Voor de duidelijkheid: van de veertien leden van de eerste beoordelingscommissie waren er twaalf pro de rangschikking met Lavrauw als beste kandidaat.

Toen het dossier op de raad van bestuur besproken moest worden, wees de vertegenwoordiger van de Faculteit Wetenschappen, de natuurkundige Michel Waroquier, rector Paul Van Cauwenberghe en de andere leden op de ‘onenigheid’. De stelling was dat er in de eerste commissie wel héél negatief (‘op het randje van partijdigheid’) over Thas was geoordeeld.

‘Ik wist daar toen niets over’, legt Van Cauwenberghe nu uit, ‘maar ik voelde dat er veel commotie was, vooral omdat sommigen niet begrepen waarom iemand met zo’n uitmuntend wetenschappelijk curriculum als Koen Thas aanvankelijk slechts vierde was gerangschikt. Wij besloten om het werk te laten overdoen door een commissie die we zelf zouden samenstellen.’

Uit wetenschappelijke gegevensbanken werden elf namen van internationale experts die niet in de eerste commissie hadden gezeteld, opgedolven. Zes daarvan reageerden en velden een oordeel. Dat draaide uit op een eerste plaats voor Thas. De vertegenwoordiger van de studenten in de raad van bestuur wees – terecht, volgens Van Cauwenberghe – op de kwestie dat een goed wetenschappelijk cv maar een deel van het verhaal is, waarna er proeflessen kwamen. Ook daaruit kwam Thas als beste.

‘Wij konden dus niet anders dan Thas benoemen’, stelt Van Cauwenberghe, die meent dat in de faculteit vooral interpersoonlijke belangen hebben gespeeld. ‘Dikwijls speelt de kwestie wie goed ligt in een groep, en dat lag hier blijkbaar gevoelig. Ik kreeg zelfs brieven van buitenlandse wetenschappers uit de eerste commissie die me vroegen waarom ik hun werk liet overdoen. Dat had ik nog nooit meegemaakt. Maar wij mogen ons daar bij een benoeming niet door laten leiden. Wij moeten puur op kwaliteit oordelen.’

In de Vakgroep Wiskunde en de Faculteit Wetenschappen is men uiterst misnoegd over de gang van zaken, omdat ze een blaam impliceert: men heeft er zijn werk niet goed gedaan, wat met klem wordt ontkend. De onafhankelijkheid van de experts in de tweede commissie wordt er nu in twijfel getrokken: er zouden ‘vrienden’ van dwarsligger van het eerste uur Van Maldeghem bij gezeten hebben, en een van de experts zou door Koen Thas voor de eerste commissie zijn voorgedragen.
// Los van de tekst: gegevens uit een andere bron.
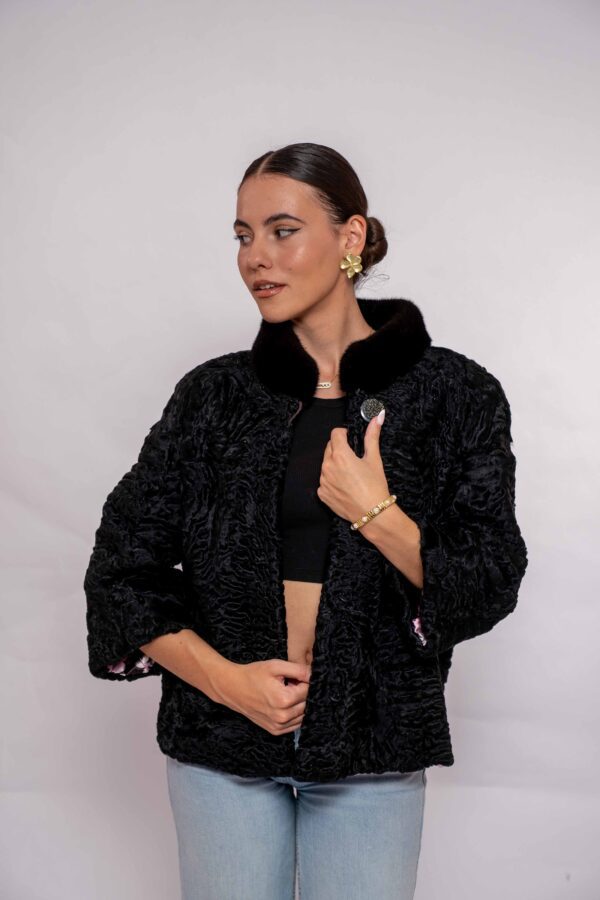 Luxury Black Swakara Fur Jacket– Genuine Handmade Craftsmanship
Pikant is dat Koen Thas ook via een andere weg aan een vaste benoeming was geraakt, waarbij hij in competitie moest met kandidaten uit de hele universiteit. Er waren 140 gegadigden voor zes jobs, en hij was verkozen. Maar daar stak de Vakgroep Wiskunde dan weer een stokje voor, omdat er volgens haar al te veel meetkundigen in haar onderzoekersaanbod zitten. Jammer, want het had een mooie oplossing kunnen zijn voor de gesjeesde kandidaat Lavrauw. ‘Overigens ook een man met een goed curriculum’, besluit de rector. ‘Ik hoop dat er voor hem een oplossing gevonden wordt.’

Maar dat is momenteel uiteraard een héél magere troost.